When Justin Bieber posted a candid message to Instagram this week – “Don’t you think if I could have fixed myself I would have already?” – it felt less like a pop star venting and more like a breaking point. We felt what Bieber was saying: he’s exhausted. And yet, it was also depressingly predictable. Because Bieber’s unraveling has been playing out for years. It’s just that we – the public, the press, the fans – are only now beginning to admit what we always knew. That is, he was never going to escape the curse of childhood fame.
He’s 31 now, an age when most people are starting to figure themselves out (sort of). But for Bieber, the figuring out is messier, more public, and naturally, far more complicated. Because when your adolescence is a global commodity, you don’t get to grow up like everyone else. You don’t get to rebel in private, fall apart in peace, or rage without the world watching.

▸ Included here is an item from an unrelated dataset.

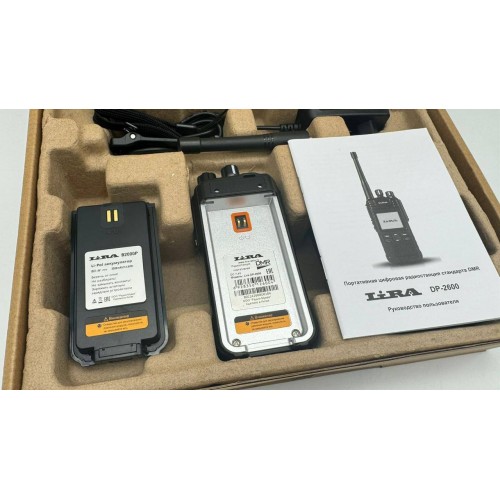Радиостанция Lira DP-2600 DMR цифровая в Архангельске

Fame at that scale is its own form of trauma – one that distorts everything from relationships to self-worth.
And yes, it’s a story that feels very familiar. Too much, too young is the oldest lesson in celebrity. But we’re still shocked when it plays out in real time. It’s as if every generation has to learn it all over again – Judy Garland, Britney Spears, Lindsay Lohan, now Bieber. He was never going to emerge from the eye of that storm unscathed. The question is – why do we keep acting like he should?
What’s Been Happening With Justin Bieber?
Since March, Bieber has been communicating almost exclusively in cryptic Instagram captions and screenshots. One post reads: “I know I’m broken. I know I have anger issues.” Another: “Tired of transactional relationships.” And then, there’s the string of messages ending in a friendship breakup, with a now-infamous closer: “This confirms u were the pussy I always thought u were.” It’s hurt, it’s rage, it’s someone struggling not to implode.
Of course, he’s mocked for it. Memed, dissected, dismissed. But peel back the posture and what you see is a man in distress. He’s been asking for help in the only way he knows how – and we’ve trained him to do it in front of 292 million followers.
What’s happening with Bieber isn’t just a mental health crisis, though. It’s a mirror held up to our culture’s warped obsession with celebrity. We built him up. We broke him down. We monetised every moment of his life – from his first floppy-haired YouTube videos to his heartbreaks, misdemeanors, baptisms and breakdowns. And now, we expect him to apologise for being affected by it.

The idea of the “comeback” looms over all this – as if healing is just a matter of time and good PR. That’s the cycle, right? Public collapse, quiet rehab, a redemption arc on Ellen or a Netflix documentary. But what if there’s no comeback? What if there’s no “before” to return to? When you’ve been famous since you were 14, there is no normal. There is only the grind – of attention, validation, and expectations you never chose for yourself.
Bieber’s Christian faith now seems to be one of the few stable anchors in his life. “Jesus is the only person who keeps me wanting to make my life about others,” he wrote. It might read like spiritual bypassing, but it also suggests something deeper: he’s searching for meaning beyond himself. For someone who’s spent years being told he’s special, maybe that’s the most radical thing he can do – believe in something bigger.
There’s a temptation to roll our eyes. To scoff at the idea that a millionaire with a private jet could feel this broken. But we’ve seen this story enough times to know money doesn’t insulate you from pain. If anything, it isolates you. It breeds mistrust, co-dependency, performance. When everyone around you is paid to be there, how do you know who’s real?
Why Can’t We Look Away?
And then there’s the darker truth: we like to see young stars spiral. It makes us feel smarter, saner, safer. Their chaos distracts from our own. Their public meltdowns serve as cautionary tales, but also as entertainment. We say we care, but what we really want is access – to the spectacle, the breakdown, the apology.
So yes, Justin Bieber is angry. He’s hurt. He’s lashing out. But perhaps the most surprising thing is that it’s taken this long for him to say it so plainly.
What If There Is No Comeback?
The moral of Bieber’s story isn’t tidy. It’s not redemptive or cautionary or finished. It’s messy and ongoing, and maybe that’s the point. Maybe we need to stop expecting our teen idols to emerge unscathed from an industry designed to consume them. Maybe the real scandal isn’t his meltdown, but the fact that we still haven’t figured out how to let people grow up without burning out.
Because if Justin Bieber, with all his resources and reach, still feels this lost – what does that say about the rest of us?